Good day, and thank you for standing by. Welcome to the Logan Ridge First Quarter 2022 Financial Results Conference Call. At this time, all participants are in a listen-only mode. After the speakers' presentation, there will be a question-and-answer session. Please be advised that today's conference is being recorded.

I would now like to hand the conference over to your speaker today Serena Liegey. Please go ahead. .

Serena Liegey

Thank you. Good morning, and welcome to Logan Ridge Finance Corporation's first quarter 2022 earnings conference call. An earnings press release was distributed on yesterday May 12th after market closed.

A copy of the release along with an earnings presentation is available on the company's website at www.loganridgefinance.com in the Investor Relations section and should be reviewed in conjunction with the company's Form 10-Q filed yesterday with the SEC. As a reminder, this conference call is being recorded for replay purposes.

Please note that today's conference call may contain forward-looking statements which are not guarantees of future performance or results and involve a number of risks and uncertainties.

Actual results may differ materially from those in the forward-looking statements as a result of a number of factors including those described in the company's filings with the SEC. Logan Ridge Finance Corporation assumes no obligation to update any such forward-looking statements unless required by law.
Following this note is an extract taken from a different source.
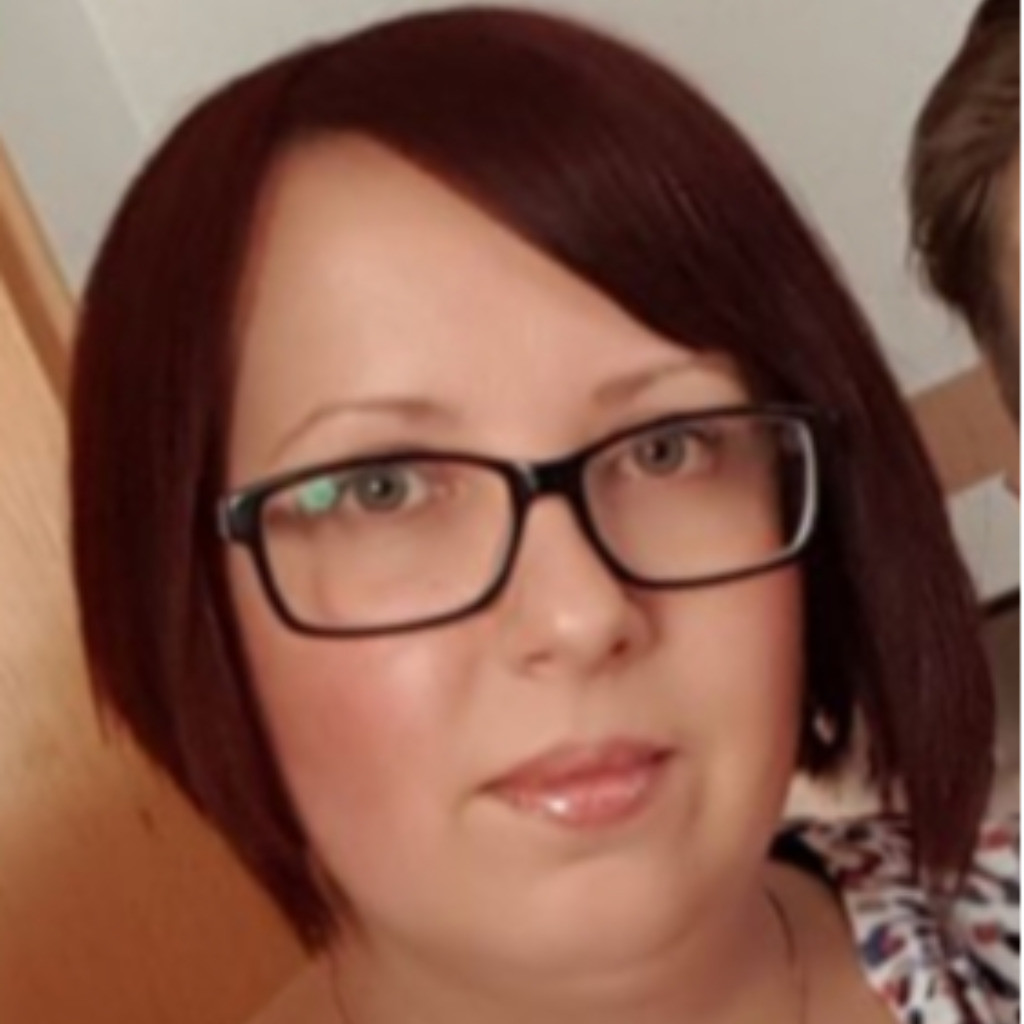 Maria Dubovski Sachbearbeiter Import/Export iZD GmbH XING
With that, I would now like to turn the call over to Ted Goldthorpe, Chief Executive Officer of Logan Ridge Finance Corporation. Please go ahead, Ted..

Ted Goldthorpe

Good morning. Welcome to our first quarter 2022 earnings call. I am joined today by our Chief Financial Officer, Jason Roos, and our Chief Investment Officer, Patrick Schafer. Following my opening remarks, Patrick will provide additional detail on our investment activity to-date and Jason will walk through the financials.

This marks our third completed quarter as a new advisor to Logan Ridge and I'm pleased to say that we've made significant progress since we began managing the company. Although, we have been operating an environment where there is market volatility, political uncertainty and rising interest rates.

The fair value of our investment portfolio grew to approximately $207 million, driven primarily by unrealized depreciation on the portfolio and the judicious deployment of proceeds generated from exiting the legacy portfolio into interest earning investments originated by the BC Partners Credit platform.

Additionally, we are pleased to report that subsequent to quarter end, we successfully refinanced the remainder of Logan Ridge’s legacy capital structure, which is a testament to the benefits shareholders received from our ability to leverage the size and scale of our platform and the strong relationships we have with our lenders and financing partners.

Specifically, on April 1, we issued a $15 million convertible note and on May 10, we amended our existing senior secured revolving credit agreement with KeyBank to increase the commitment, reduced the interest rate and extend its maturity date.

The proceeds will be used to repay the $52.1 million of 5.75% convertible notes outstanding as well as $22.8 million of 6% notes outstanding, both of which are scheduled to mature on May 31, 2022.

These transactions materially lower the cost of debt to capital which will be transformative for the company and an important milestone during our early stewardship. Investors will begin to benefit from a lower cost of debt capital during the third quarter of 2022.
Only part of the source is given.